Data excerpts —
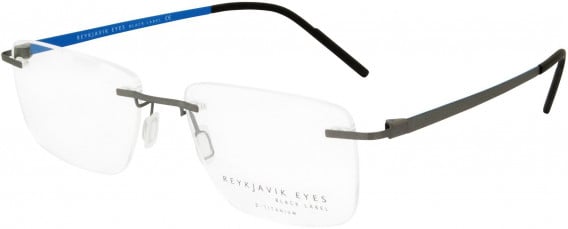 Reykjavik Eyes Black Label IVAN glasses in Light Gun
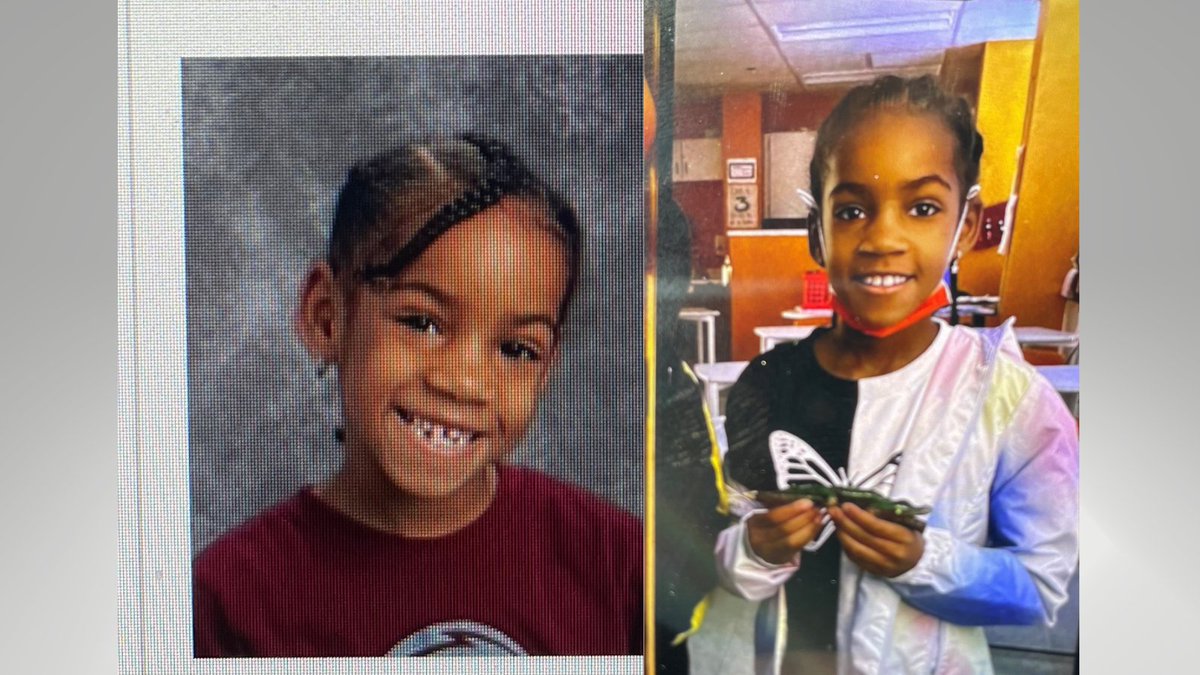 Missing: 10-year-old Aliyah Castello was last seen today around 2:57 pm in the 6200 block of Leesburg Pike, in Seven Corners. She is 4’6, 96lbs w/ brown hair & brown eyes. Endangered due to age. Call 703-691-2131 w/info.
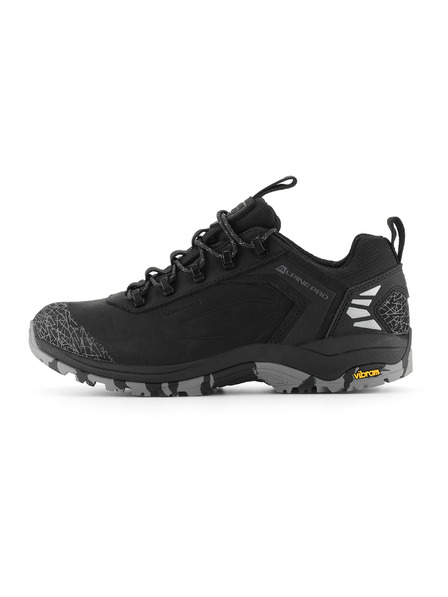 ALPINE PRO Pantofi de exterior cu membrană ptx ALPINE PRO SPIDERE negru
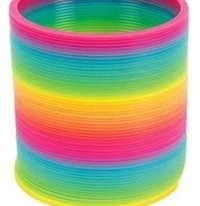 B-15 RAINBOW RING, Big Size 15cm Original Rainbow Spring Fun Activity Stress Relief Toy For Kids Adults Of All Age Group, For Birthdays, Compact And Portable Easy To Carry  (2324)      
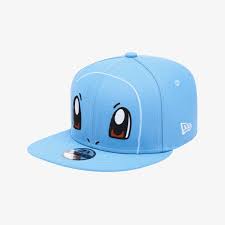 Pokemon X New Era Kids Pokemon Squirtle Snapback Cap Blue Harumio
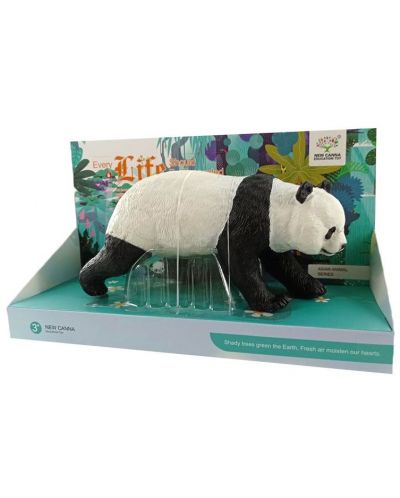 Jucărie pentru copii Raya Toys -Figura, Panda, 20 cm - 1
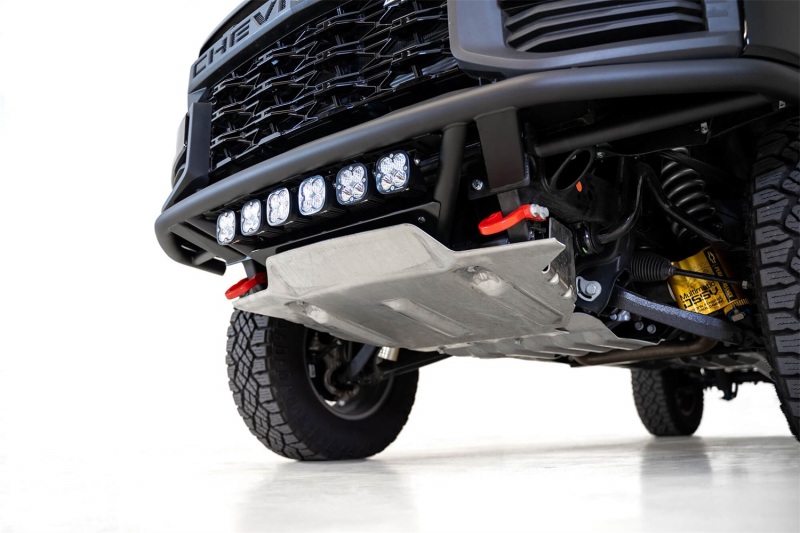 Chevrolet Colorado ZR2 Bumper - Front - Addictive Desert Designs - Pro Bolt-On - Hammer Black - 2021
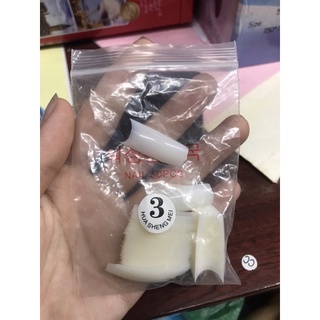 móng nối gói lẻ  size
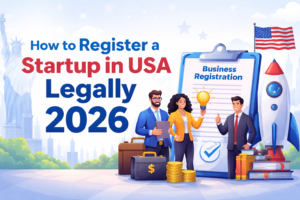 How to Register a Startup in USA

How to complete this task —
Please retype the data exactly. The pictures do not go in.

Output —
 Reykjavik Eyes Black Label IVAN glasses in Light Gun
 Missing: 10-year-old Aliyah Castello was last seen today around 2:57 pm in the 6200 block of Leesburg Pike, in Seven Corners. She is 4’6, 96lbs w/ brown hair & brown eyes. Endangered due to age. Call 703-691-2131 w/info.
 ALPINE PRO Pantofi de exterior cu membrană ptx ALPINE PRO SPIDERE negru
 B-15 RAINBOW RING, Big Size 15cm Original Rainbow Spring Fun Activity Stress Relief Toy For Kids Adults Of All Age Group, For Birthdays, Compact And Portable Easy To Carry  (2324)      
 Pokemon X New Era Kids Pokemon Squirtle Snapback Cap Blue Harumio
 Jucărie pentru copii Raya Toys -Figura, Panda, 20 cm - 1
 Chevrolet Colorado ZR2 Bumper - Front - Addictive Desert Designs - Pro Bolt-On - Hammer Black - 2021
 móng nối gói lẻ  size
 How to Register a Startup in USA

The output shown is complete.